Num ritmo mais acelerado, Roberto Carlos explica, sem necessidade de muitos versos, que o segredo da vida é capaz de ser uma coisa bem mais simples. Esta é a história de um amor que deu para o torto, por culpa própria. Presume-se que o protagonista seja um rapaz, um jovem, ou até um homem que achava, muito convictamente, que poderia largar a outra pessoa e não ficar com razões de queixa da vida. Só que… «Mas quando fiquei sem lhe ver / Então é que eu pude entender / Que não há dinheiro no mundo / Que me pague a saudade de você». O erro cometido acaba por ter um duro castigo. O protagonista sofre bastante, antes de conseguir recuperar o amor que, com alguma soberba, tinha desperdiçado. Pois é, está aprendida a lição:

Não há dinheiro no mundo

Que me pague a saudade que senti

“Baza, Baza” (2002) – Boss AC

Nos inícios do novo milénio, Boss AC protagonizava um videoclip quase ao estilo do que se ia vendo no hip hop norte-americano: ele a andar por aí, na companhia dos amigos, no seu automóvel de luxo. Mas a letra quer avisar-nos de que a realidade talvez não seja bem o que se vê. «Abre a pestana, tana / Isto aqui não é um filme, boy», diz-se no refrão. O filme da realidade é ter milhentas preocupações na cabeça. «Sem dinheiro não é fácil não desanimar». Face à acumulação das contas por pagar, surge até a tentação de ficar pela cama, a esquecer o drama. «E quando durmo imagino a vida doce / Abro a pestana e quando acordo acabou-se».

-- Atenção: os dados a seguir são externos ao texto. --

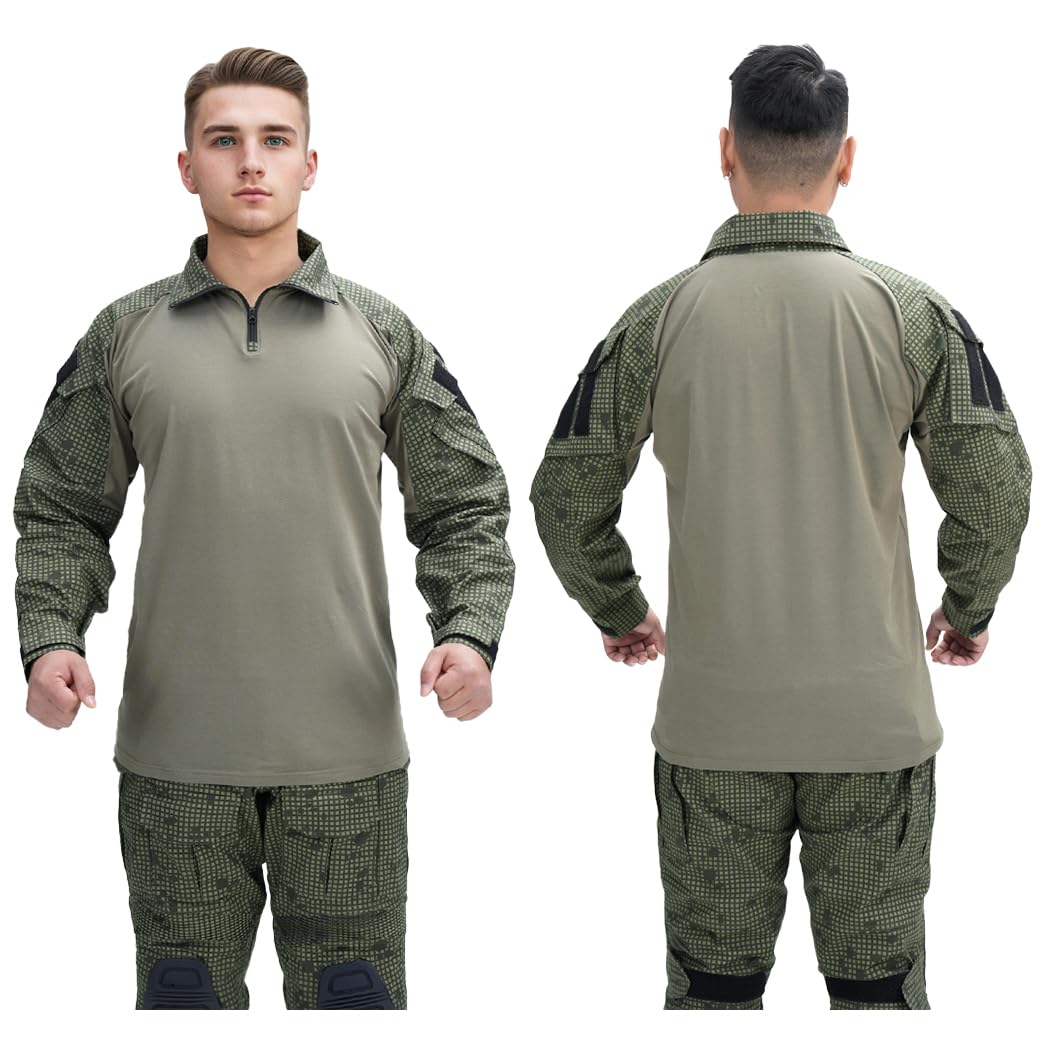 IDOGEAR OUTDOOR G3 Combat Shirts Camo Military Shirts with 4 Pockets Tactical Assault Long Sleeve for Paintball Airsoft(DNC,Large)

O protagonista – ou Boss AC se quiserem –, até pode ser conhecido, mas isso não equivale nem a riqueza, nem a felicidade. «Sou ilusão só porque me viram na televisão / Imaginam a mansão e o carrão mas sem noção». E depois, aquela ideia de que um artista tem a vida fácil… «Tudo o que tenho foi suado, nada me dado / Metade do que tenho fica para o estado». Boss AC tem os mesmos problemas da maior parte das pessoas. Os impostos, como já dito. E também não consegue trabalhar com o estômago vazio e também tem de pagar a renda da casa para não acabar ao frio. Mesmo assim, o seu feitio não é de «afogar as mágoas em bagaço», nem está disposto para «fazer figuras de palhaço». Por isso pede que o deixem no seu cantinho, que lhe deem espaço para fazer a sua cena; e quem vier por mal… «Baza, baza, vai p’ra casa, casa», que o moço, conforme canta, só quer paz e amor.